She dines some place called the mess hall. The food is sorted by color and texture. Yellow. Runny. Stringy. Brown. Something sweet and then the inedible thing. She thought food was something special before she came here, this place that could be the end of the earth for all that has been drained away.

She sleeps in the barracks hut, b-hut, what she learns to call the hooch. It is temporary housing, but there is nothing to replace it. Hooch meant something different where she grew up. It meant drink so strong people renamed you when you drank it. Her squad mate tells her hooch is short for hoochinoo, firewater, something the Tlingit distilled and sold to the miners during the Klondike goldrush.

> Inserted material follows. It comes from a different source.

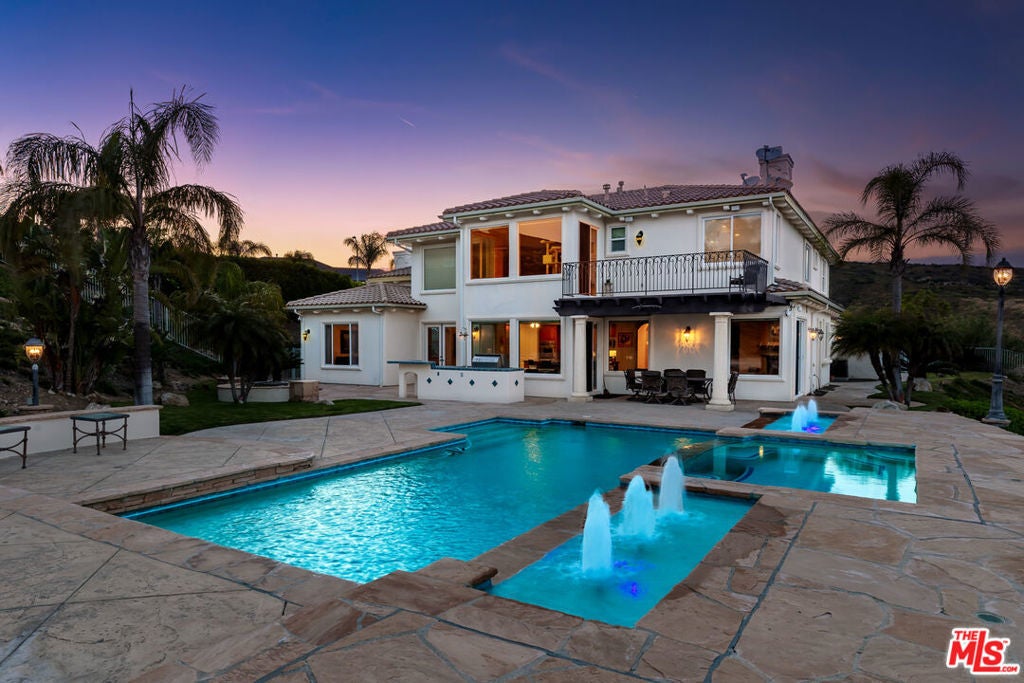 Photo of Listing #26637129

At night, when they listen for everything and hear nothing, when the thin walls of the hooch make them more target than protection, her squad mate tells her all kinds of things about the people of the tides, her people, and the Alaskan coastline that is her home. She closes her eyes and tries to picture the steep mountains and horsetail falls, the miles of scalloped bays. Her squad mates describes her village down the exact colors of the wolf crest, the teal, black, and red protector painted above her family’s front door.

She says nothing of her home. It eases the longing to return. When she enlisted, she had not known, could not know, what it would be like to live here, a place that is both the beginning and the end of the world.

Outside the hooch, the land drops down toward the dusty city and the river that is little more than a trickle until the snow melts and the water rushes from the mountains toward Jalabad before flowing across the border. Most of the trees have been harvested and they too traveled south, leaving the mountains barren, plucked of their feathers like a chicken, pink and bloody, stripped of its plumage.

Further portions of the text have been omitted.